I do analyses to answer the following questions:

Howard County median home value by census tract

Median home value estimates for census tracts are not available before 2009, at least for Howard County, and the boundaries for Howard County census tracts changed from 2009 to 2010 (presumably as part of the work on the 2010 census). As a result I choose 2010 as the first year for this analysis.

Unfortunately, figures for median home value for census tracts are available only in the American Community Survey 5-year estimates. This means, for example, that the 2010 median home value estimates published for Howard County census tracts actually reflect surveys in the years 2006-2010, the 2011 estimates reflect surveys in the years 2007-2011, and so on.

For this reason the U.S. Census Bureau recommends not comparing 5-year estimates from overlapping sets of years, for example comparing 2011 5-year estimates to 2010 5-year estimates. In order to look at changes over the maximum period of time I therefore choose to compare median home values between the 2010 and 2017 5-year estimates, representing home values over the timeframes 2006-2010 and 2013-2017.
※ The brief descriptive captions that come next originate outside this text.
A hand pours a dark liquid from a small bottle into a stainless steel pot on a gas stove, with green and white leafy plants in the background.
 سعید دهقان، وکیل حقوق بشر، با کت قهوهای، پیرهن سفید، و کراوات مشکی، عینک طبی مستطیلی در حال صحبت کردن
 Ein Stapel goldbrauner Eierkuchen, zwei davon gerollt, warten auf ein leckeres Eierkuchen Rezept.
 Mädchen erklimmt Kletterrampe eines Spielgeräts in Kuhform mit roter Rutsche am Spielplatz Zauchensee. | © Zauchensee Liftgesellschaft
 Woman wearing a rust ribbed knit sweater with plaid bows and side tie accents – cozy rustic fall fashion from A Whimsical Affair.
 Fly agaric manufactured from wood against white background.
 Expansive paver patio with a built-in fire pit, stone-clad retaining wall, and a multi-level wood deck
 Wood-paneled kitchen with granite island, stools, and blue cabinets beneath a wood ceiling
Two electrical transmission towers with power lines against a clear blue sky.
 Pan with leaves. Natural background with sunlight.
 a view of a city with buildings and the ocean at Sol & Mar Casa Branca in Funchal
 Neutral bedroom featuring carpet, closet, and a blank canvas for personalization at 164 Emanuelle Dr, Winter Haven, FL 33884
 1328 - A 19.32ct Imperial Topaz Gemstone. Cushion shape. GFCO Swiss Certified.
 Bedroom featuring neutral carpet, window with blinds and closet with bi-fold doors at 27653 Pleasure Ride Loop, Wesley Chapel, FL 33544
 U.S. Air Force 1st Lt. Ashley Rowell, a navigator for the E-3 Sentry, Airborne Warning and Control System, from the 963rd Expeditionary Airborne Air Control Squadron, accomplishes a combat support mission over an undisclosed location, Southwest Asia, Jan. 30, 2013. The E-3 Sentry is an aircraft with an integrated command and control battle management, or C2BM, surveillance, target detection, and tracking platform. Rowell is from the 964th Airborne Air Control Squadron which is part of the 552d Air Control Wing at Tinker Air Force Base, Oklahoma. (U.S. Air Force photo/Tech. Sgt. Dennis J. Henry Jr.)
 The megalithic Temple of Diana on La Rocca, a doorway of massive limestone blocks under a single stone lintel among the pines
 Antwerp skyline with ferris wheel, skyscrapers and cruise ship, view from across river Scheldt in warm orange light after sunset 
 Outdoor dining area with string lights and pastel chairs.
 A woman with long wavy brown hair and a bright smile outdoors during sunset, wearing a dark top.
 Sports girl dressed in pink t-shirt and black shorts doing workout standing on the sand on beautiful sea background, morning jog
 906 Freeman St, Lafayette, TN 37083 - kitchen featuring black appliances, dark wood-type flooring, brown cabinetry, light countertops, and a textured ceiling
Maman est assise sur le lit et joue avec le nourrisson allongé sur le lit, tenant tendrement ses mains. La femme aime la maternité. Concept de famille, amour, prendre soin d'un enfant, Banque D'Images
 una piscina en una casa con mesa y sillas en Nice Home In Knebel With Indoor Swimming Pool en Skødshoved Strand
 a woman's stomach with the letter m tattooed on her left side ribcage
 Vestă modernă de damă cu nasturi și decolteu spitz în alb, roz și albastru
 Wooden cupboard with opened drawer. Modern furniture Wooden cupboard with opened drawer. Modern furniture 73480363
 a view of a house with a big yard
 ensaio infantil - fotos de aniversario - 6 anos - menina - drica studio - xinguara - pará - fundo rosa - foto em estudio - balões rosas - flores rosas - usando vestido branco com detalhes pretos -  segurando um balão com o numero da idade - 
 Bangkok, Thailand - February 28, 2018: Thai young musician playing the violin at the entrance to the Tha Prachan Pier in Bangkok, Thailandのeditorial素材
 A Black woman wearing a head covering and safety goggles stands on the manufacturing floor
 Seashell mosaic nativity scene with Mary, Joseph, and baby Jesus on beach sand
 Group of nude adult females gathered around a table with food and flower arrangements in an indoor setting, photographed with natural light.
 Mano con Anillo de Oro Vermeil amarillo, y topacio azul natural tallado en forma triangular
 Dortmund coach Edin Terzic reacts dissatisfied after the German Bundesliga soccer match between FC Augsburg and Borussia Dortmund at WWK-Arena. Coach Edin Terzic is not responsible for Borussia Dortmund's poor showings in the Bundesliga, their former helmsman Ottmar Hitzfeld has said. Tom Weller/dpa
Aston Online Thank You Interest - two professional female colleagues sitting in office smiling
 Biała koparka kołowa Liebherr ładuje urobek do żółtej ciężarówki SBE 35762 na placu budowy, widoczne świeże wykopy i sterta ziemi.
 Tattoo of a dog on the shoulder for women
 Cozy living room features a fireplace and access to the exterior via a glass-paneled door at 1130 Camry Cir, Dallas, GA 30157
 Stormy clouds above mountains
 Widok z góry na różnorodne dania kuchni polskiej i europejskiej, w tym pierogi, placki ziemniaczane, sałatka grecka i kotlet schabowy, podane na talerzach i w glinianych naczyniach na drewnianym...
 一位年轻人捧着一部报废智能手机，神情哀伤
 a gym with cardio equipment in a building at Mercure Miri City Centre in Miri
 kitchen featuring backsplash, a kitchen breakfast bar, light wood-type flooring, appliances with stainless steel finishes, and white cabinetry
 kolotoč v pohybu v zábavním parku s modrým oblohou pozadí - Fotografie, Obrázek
The next issue is that the margins of error for median home values at the census tract level can be very high, up to 10% or even more relative to the estimates. That means that, for example, ranking individual census tracts based on their median home value doesn’t really make sense, given that the relative positions of tracts on the list will in large part reflect random measurement errors.

To work around this issue I take the 55 Howard County census tracts and divide them into 5 groups or “quintiles” of 11 census tracts each, based on their median home value 5-year estimates for 2010. Quintile 1 contains the 11 census tracts with the lowest median home values (lowest 20%) and quintile 5 contains the 11 census tracts with the highest median home values (highest 20%), with the other quintiles containing tracts with median home values intermediate between the lowest and highest.

I create a new table mhv_quintiles as follows:

  1. I start with the mhv_adj table created above, and then retain only the rows for 2010 that are associated with census tracts.
  2. I rank the rows in ascending order from 1 to 55 based on the value of the estimate variable, using the min_rank() function. I then divide the rank value by 11, and take the next highest integer (using the ceiling() function). This produces a value from 1 to 5 for each row. I then convert the value to a character string and save it in a new variable quintile.
  3. I retain only the variables GEOID and quintile.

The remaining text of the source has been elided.